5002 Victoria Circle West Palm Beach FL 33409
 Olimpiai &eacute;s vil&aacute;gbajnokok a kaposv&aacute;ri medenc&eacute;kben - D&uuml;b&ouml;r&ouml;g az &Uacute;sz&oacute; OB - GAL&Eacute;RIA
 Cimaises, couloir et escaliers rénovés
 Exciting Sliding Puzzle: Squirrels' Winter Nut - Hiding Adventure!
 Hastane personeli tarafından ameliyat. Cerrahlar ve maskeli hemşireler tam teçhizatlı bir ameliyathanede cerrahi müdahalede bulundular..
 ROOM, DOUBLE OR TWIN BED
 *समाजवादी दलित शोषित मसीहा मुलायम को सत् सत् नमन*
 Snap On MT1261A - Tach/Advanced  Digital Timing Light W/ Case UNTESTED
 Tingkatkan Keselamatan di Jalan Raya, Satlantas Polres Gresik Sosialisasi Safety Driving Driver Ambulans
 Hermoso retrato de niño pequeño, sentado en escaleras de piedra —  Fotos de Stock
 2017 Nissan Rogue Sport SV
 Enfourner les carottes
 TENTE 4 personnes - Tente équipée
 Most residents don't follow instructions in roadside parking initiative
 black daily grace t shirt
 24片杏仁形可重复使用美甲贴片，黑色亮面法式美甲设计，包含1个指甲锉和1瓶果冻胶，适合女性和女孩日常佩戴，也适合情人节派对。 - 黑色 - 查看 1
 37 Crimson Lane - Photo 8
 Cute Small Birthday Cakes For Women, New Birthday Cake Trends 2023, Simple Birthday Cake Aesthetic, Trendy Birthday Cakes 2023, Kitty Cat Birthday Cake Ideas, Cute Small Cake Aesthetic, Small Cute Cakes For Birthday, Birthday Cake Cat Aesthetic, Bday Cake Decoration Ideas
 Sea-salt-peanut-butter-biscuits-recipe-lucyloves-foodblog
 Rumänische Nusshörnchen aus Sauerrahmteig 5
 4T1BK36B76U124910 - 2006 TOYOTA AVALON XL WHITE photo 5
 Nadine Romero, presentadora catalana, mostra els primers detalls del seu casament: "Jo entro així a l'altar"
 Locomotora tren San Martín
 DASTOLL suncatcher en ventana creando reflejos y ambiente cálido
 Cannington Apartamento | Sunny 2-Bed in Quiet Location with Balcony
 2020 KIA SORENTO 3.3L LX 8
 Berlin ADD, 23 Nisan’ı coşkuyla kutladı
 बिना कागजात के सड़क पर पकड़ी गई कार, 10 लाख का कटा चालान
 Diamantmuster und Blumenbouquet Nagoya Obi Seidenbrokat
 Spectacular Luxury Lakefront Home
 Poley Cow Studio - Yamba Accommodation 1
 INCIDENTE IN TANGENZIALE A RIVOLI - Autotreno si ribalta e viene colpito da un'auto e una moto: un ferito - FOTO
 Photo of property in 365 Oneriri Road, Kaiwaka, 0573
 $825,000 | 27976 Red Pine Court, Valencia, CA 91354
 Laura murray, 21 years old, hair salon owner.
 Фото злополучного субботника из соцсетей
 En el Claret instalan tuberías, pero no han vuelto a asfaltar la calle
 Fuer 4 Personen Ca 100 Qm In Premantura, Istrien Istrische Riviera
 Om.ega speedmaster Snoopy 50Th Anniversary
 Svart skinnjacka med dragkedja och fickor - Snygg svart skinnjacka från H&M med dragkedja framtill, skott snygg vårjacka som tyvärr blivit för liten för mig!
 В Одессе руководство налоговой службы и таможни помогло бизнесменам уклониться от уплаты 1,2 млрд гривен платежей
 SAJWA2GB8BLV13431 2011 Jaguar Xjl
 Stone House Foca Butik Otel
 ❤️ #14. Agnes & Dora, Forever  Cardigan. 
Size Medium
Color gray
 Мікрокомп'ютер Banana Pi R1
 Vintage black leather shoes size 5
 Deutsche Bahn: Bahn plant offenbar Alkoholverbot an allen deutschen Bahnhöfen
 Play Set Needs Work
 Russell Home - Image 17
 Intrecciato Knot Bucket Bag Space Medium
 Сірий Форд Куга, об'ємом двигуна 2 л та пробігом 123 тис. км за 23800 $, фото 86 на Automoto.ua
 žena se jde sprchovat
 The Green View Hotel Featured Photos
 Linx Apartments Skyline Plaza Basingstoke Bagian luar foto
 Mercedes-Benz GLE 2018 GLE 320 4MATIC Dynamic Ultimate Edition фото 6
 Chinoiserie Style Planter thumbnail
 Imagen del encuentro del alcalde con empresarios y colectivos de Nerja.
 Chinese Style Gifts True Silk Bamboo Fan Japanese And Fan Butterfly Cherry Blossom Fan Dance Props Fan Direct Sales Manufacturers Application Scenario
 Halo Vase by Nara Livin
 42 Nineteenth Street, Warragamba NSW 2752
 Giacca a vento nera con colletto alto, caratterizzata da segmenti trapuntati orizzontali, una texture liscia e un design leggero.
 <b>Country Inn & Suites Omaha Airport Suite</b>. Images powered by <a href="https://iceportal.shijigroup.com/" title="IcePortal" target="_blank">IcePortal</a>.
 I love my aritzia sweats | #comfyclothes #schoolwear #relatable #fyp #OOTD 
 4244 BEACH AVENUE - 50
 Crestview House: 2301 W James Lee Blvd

----------------------------------------

REQUIRED ACTION - A single number is the whole answer: how many lines of the records contain the word "Style".

REPLY - 2